*** PROVIDED MATERIAL ***
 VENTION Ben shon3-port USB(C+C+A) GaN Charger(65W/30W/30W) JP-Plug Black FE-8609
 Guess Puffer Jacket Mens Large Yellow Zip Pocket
*** End of PROVIDED MATERIAL ***
*** PROVIDED MATERIAL ***
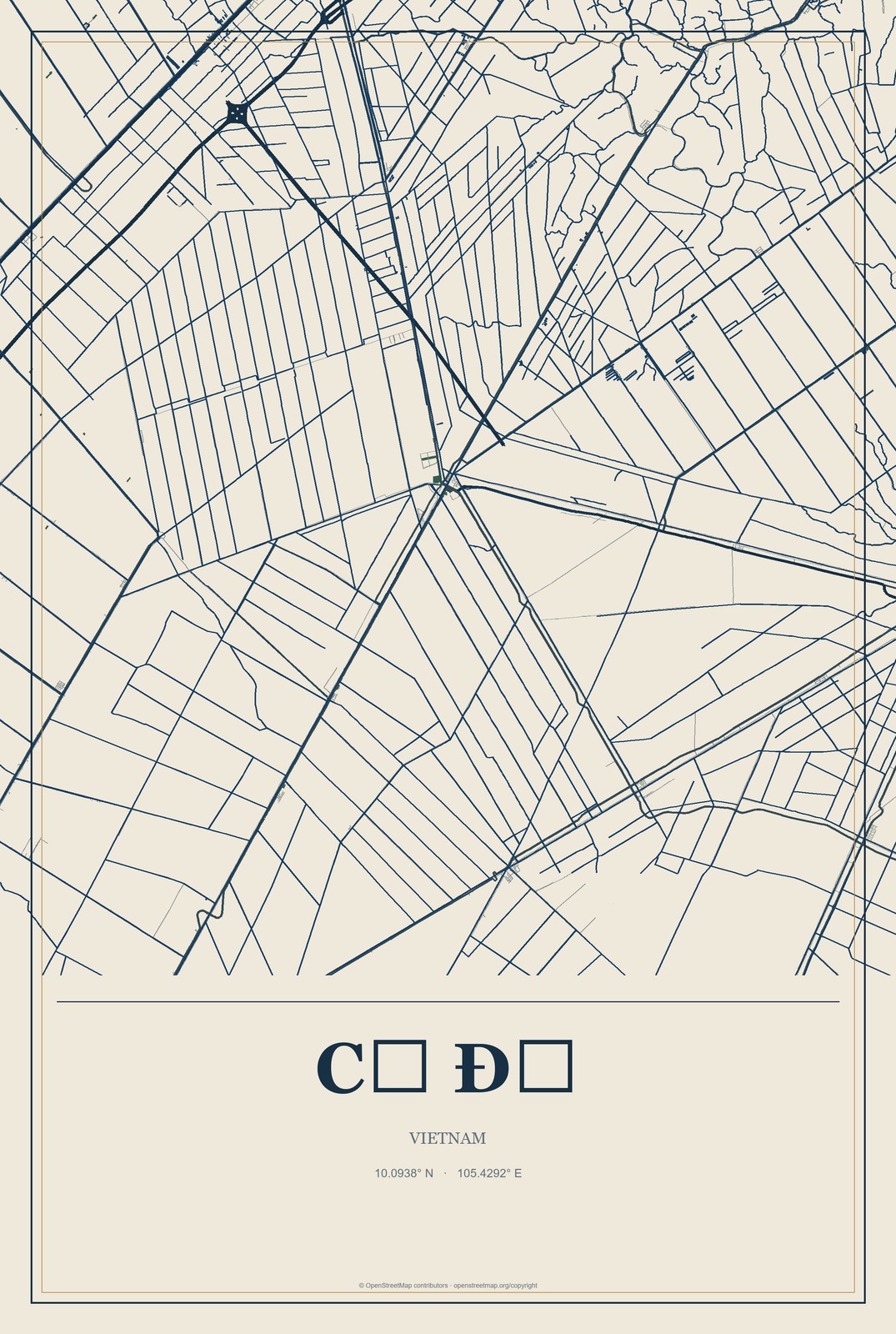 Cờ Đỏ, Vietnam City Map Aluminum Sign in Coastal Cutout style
*** End of PROVIDED MATERIAL ***
> _TASK REQUIREMENTS_: Set down, from the entries above, exactly the lines from the one with "VENTION Ben shon3-port" up to and including the one with "Guess Puffer Jacket Mens", and no other lines.

> _REPLY_:
 VENTION Ben shon3-port USB(C+C+A) GaN Charger(65W/30W/30W) JP-Plug Black FE-8609
 Guess Puffer Jacket Mens Large Yellow Zip Pocket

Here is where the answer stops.